(Extracted records)

=====

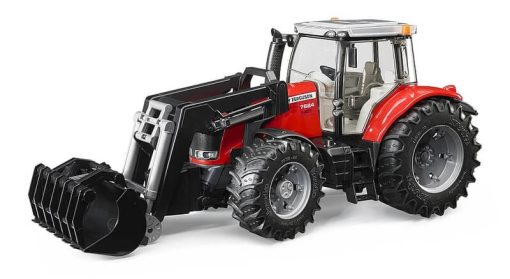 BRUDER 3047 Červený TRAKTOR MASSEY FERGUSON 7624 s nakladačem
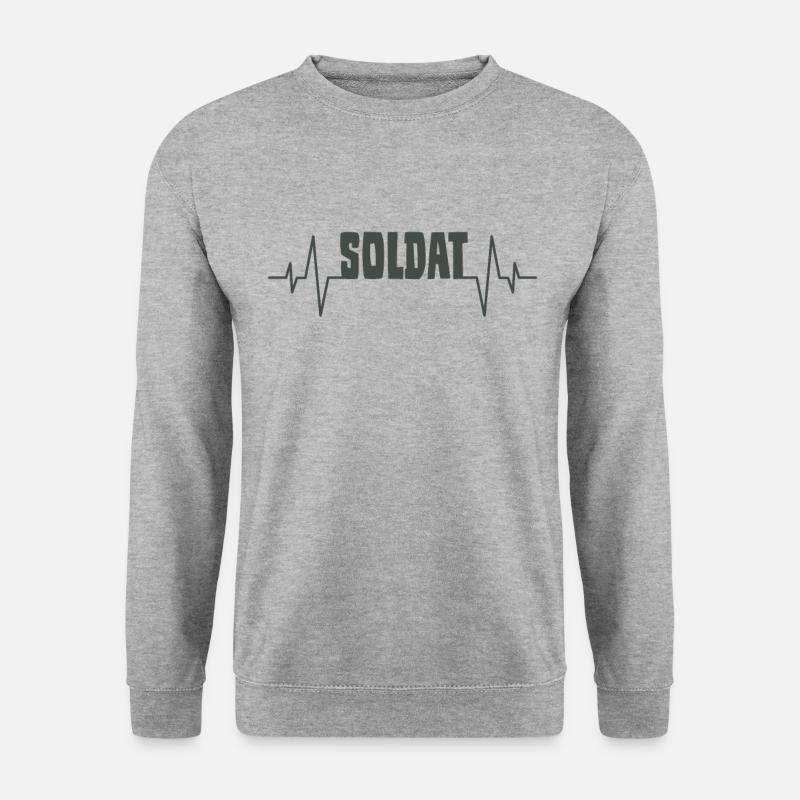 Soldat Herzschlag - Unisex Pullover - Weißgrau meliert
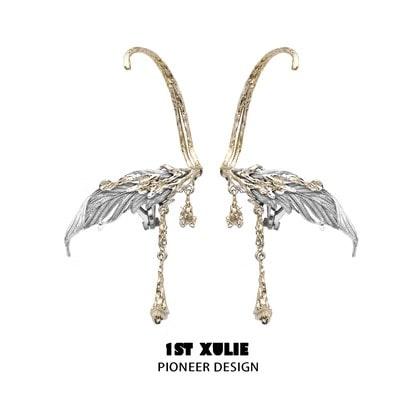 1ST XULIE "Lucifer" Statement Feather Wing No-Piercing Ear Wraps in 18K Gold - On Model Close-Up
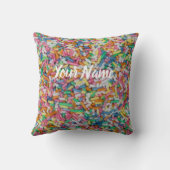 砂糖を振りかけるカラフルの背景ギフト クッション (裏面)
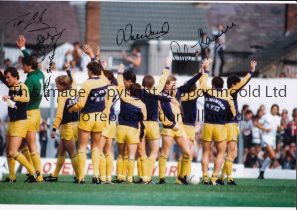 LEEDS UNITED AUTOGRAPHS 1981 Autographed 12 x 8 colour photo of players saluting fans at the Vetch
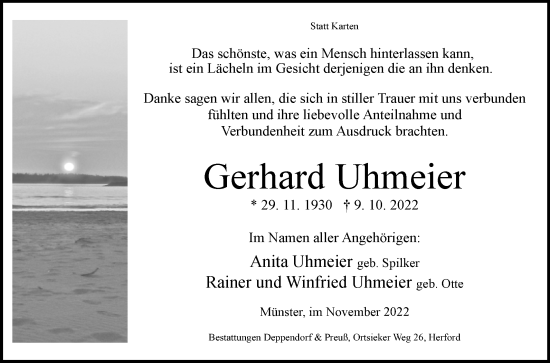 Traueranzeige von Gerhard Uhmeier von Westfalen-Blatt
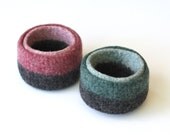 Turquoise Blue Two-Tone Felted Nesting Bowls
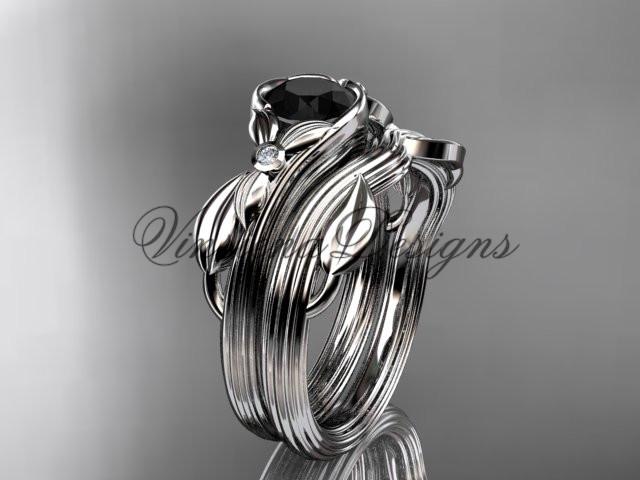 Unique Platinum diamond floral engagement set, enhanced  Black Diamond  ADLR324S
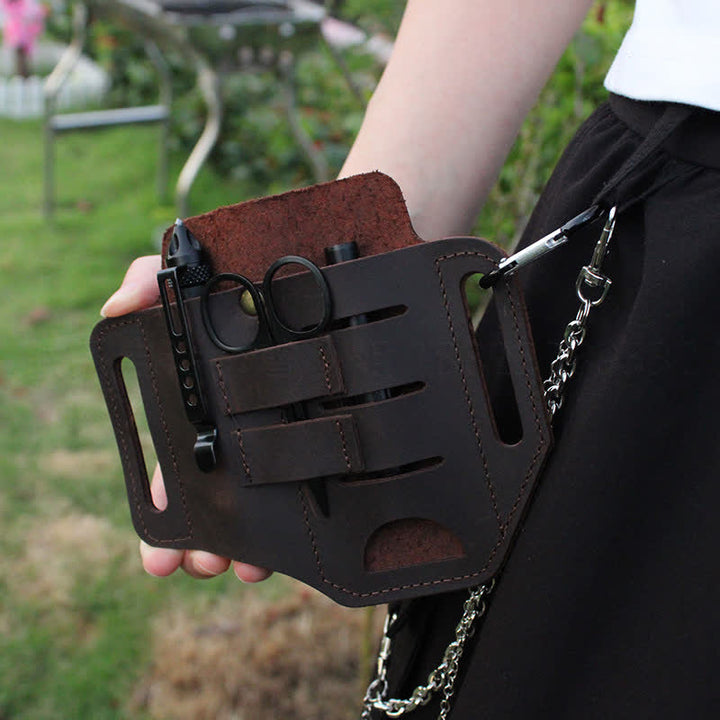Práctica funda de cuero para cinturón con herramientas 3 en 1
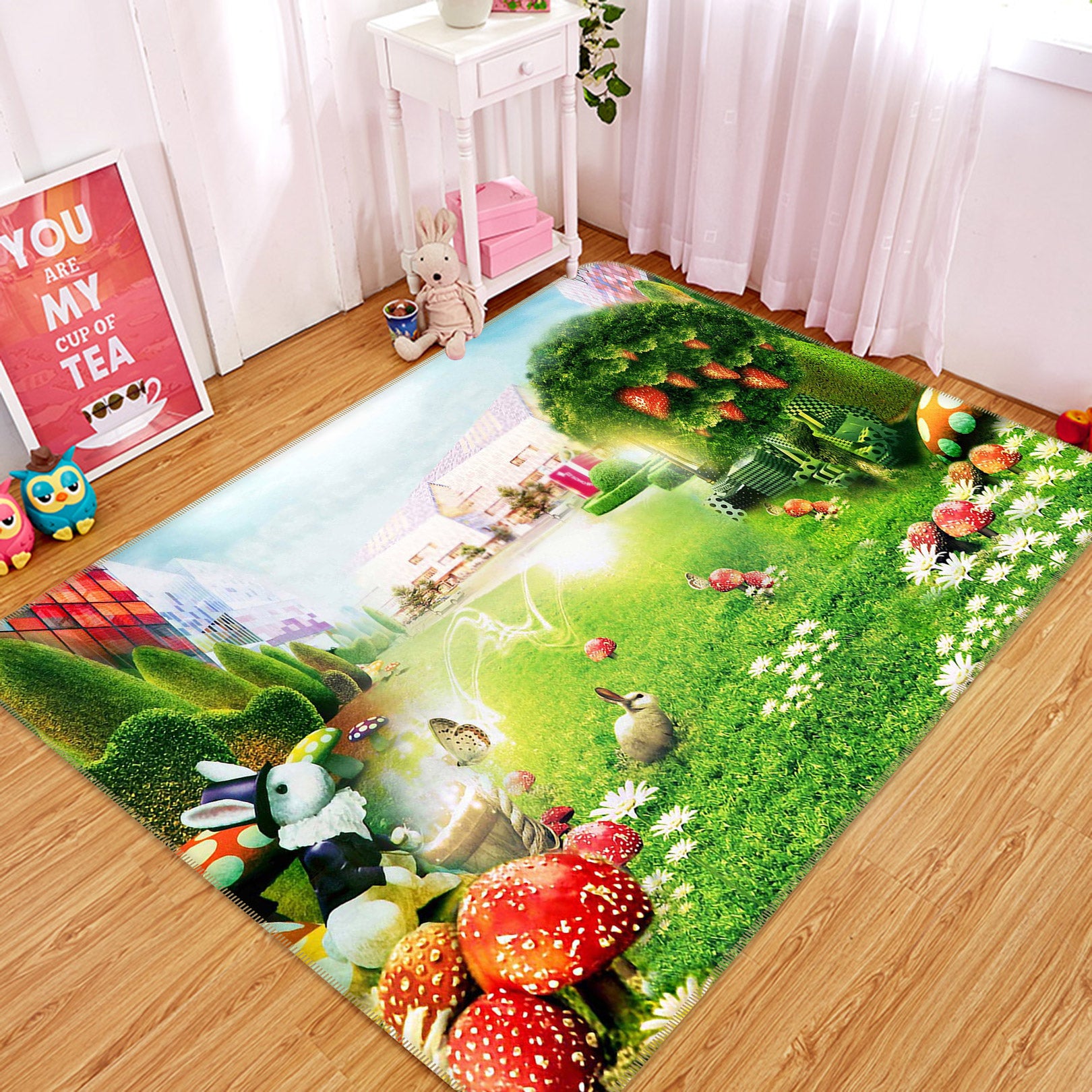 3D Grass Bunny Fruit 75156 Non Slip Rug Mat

=====

▶ **What this task involves**
Given the entries above, transcribe exactly the lines from the one holding "On Model Close-Up" through the one holding "Turquoise Blue Two-Tone Felted Nesting Bowls"; pictures do not belong in the transcription.

▶ **Response box**
 1ST XULIE "Lucifer" Statement Feather Wing No-Piercing Ear Wraps in 18K Gold - On Model Close-Up
 砂糖を振りかけるカラフルの背景ギフト クッション (裏面)
 LEEDS UNITED AUTOGRAPHS 1981 Autographed 12 x 8 colour photo of players saluting fans at the Vetch
 Traueranzeige von Gerhard Uhmeier von Westfalen-Blatt
 Turquoise Blue Two-Tone Felted Nesting Bowls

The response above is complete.